+++ Entries provided +++
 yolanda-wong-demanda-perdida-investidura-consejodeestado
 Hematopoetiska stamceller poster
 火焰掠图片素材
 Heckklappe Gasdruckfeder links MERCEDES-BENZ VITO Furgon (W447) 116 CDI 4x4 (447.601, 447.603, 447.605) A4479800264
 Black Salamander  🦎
+++
The records above should be repeated word for word.

Final answer:
 yolanda-wong-demanda-perdida-investidura-consejodeestado
 Hematopoetiska stamceller poster
 火焰掠图片素材
 Heckklappe Gasdruckfeder links MERCEDES-BENZ VITO Furgon (W447) 116 CDI 4x4 (447.601, 447.603, 447.605) A4479800264
 Black Salamander  🦎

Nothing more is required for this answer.